A forward-looking fact worth knowing for a 2026 sitting: Microsoft has been steering new analytics builds toward Microsoft Fabric, whose Fabric Data Factory is described as the next generation of both ADF and Synapse Pipelines, and the classic Azure Synapse Spark runtime (3.4) reaches end of support on March 31, 2026 with Microsoft recommending migration to Fabric. The AZ-305 objective itself stays generic ("recommend a solution for data integration"), and ADF/Synapse Pipelines remain fully supported GA services, so exam scenarios can still validly point to either — but if a scenario explicitly says the customer wants a single SaaS platform combining ingestion, warehousing, and Power BI with no infrastructure to manage, Fabric is the intended design answer over classic Synapse.
Exam Scenario Walkthrough
A hospital network runs its billing system on an on-premises SQL Server behind a corporate firewall with no public endpoint. Requirements: (1) copy billing records into Azure SQL Database nightly, (2) apply a no-code transformation that masks patient identifiers before landing, (3) guarantee each night's batch is processed exactly once even if a run fails and is retried, and (4) the destination environment already runs Synapse Analytics for downstream Spark analytics. The design should include a Self-Hosted Integration Runtime installed inside the hospital's network (because the source has no public endpoint), a Mapping Data Flow for the masking transformation, a Tumbling Window trigger (for guaranteed-once, retryable nightly processing), and orchestration through Synapse Pipelines rather than standalone ADF, since the destination workspace already centralizes analytics.
Takeaways
- Azure Data Factory and Synapse Pipelines share one orchestration engine; the choice is about workspace consolidation, not feature gaps.

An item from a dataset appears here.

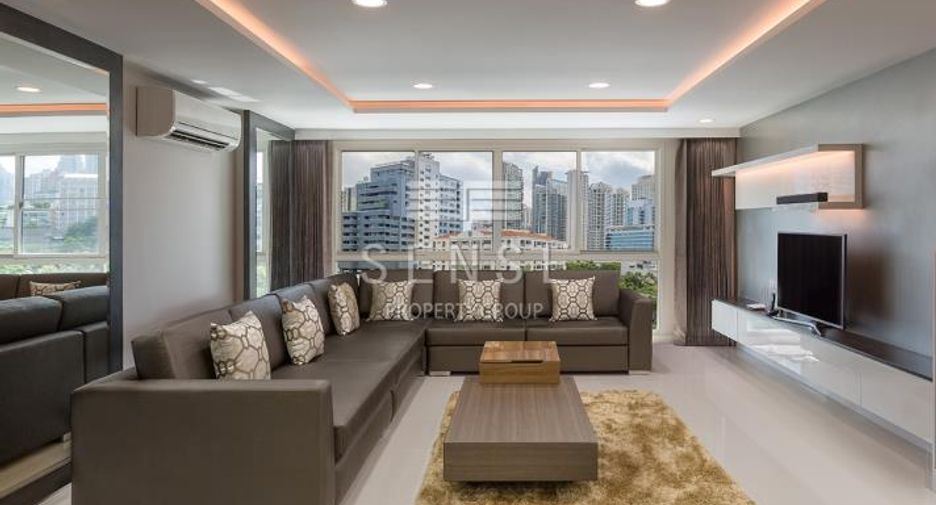For rent 3 bedrooms condo in Khlong Toei, Bangkok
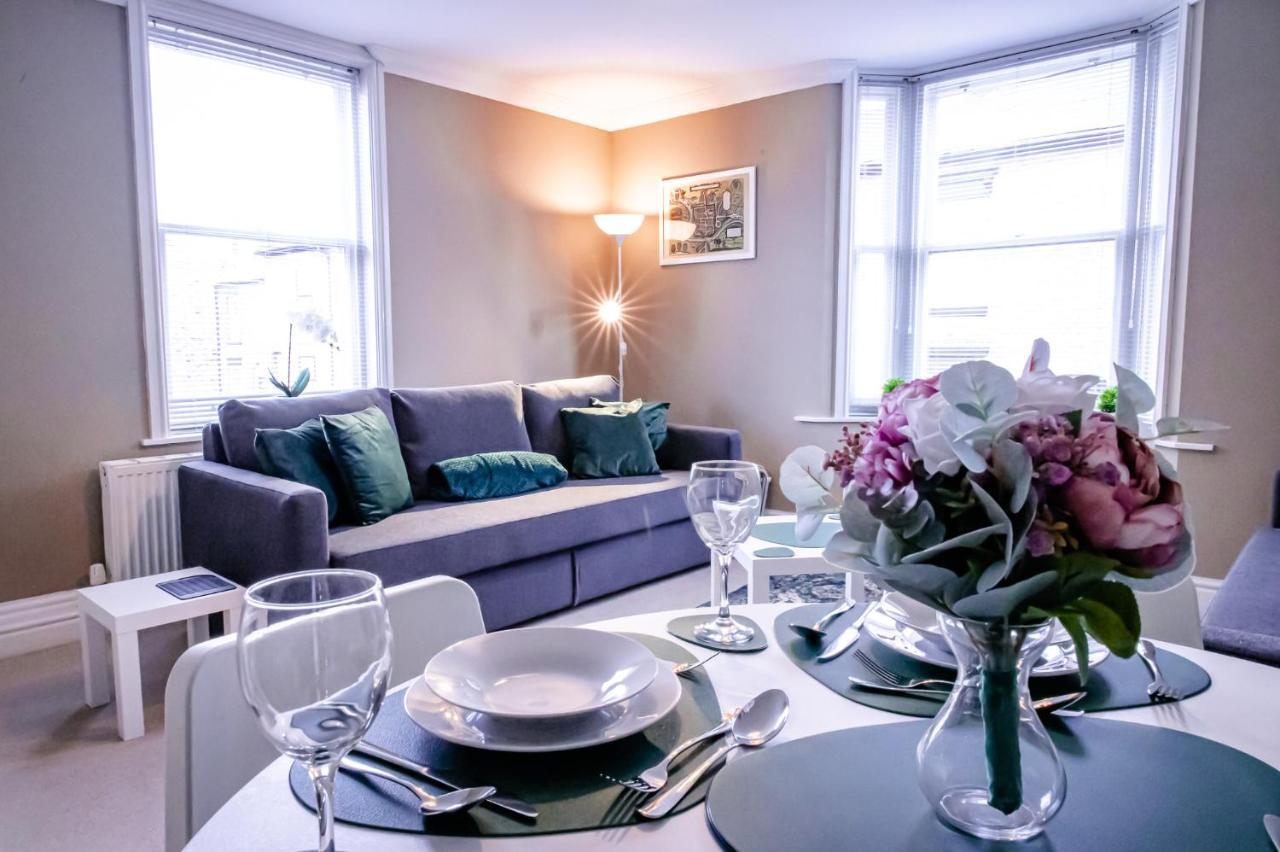 Lord Street - 2 Beautiful Apartments - Sleep Up To 14 Guests - By Rework Accommodation Chester Zewnętrze zdjęcie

- Any source or sink without a public endpoint requires a Self-Hosted Integration Runtime; Azure IR alone cannot reach it.
- Tumbling Window triggers are the answer whenever a scenario needs backfill, dependency chaining, or "exactly once per interval" semantics.
- Azure-SSIS IR is the tested answer for migrating legacy SSIS packages instead of rewriting pipelines from scratch.
- Know that Fabric Data Factory is Microsoft's stated direction beyond classic Synapse pipelines, useful for scenarios that explicitly ask for a unified SaaS analytics platform.
A company needs Azure Data Factory to copy files from an on-premises file server that has no public internet-facing endpoint into Azure Blob Storage. Which component must the design include?
A data engineering team needs a nightly pipeline that reprocesses exactly one hour of data at a time, supports automatic retry, and can backfill missed historical intervals on demand. Which Azure Data Factory trigger type best fits these requirements?
An organization already runs Azure Synapse Analytics with SQL pools and Spark pools for all of its analytics workloads and wants a single workspace for data engineers to manage orchestration alongside that analytics platform. What should you recommend?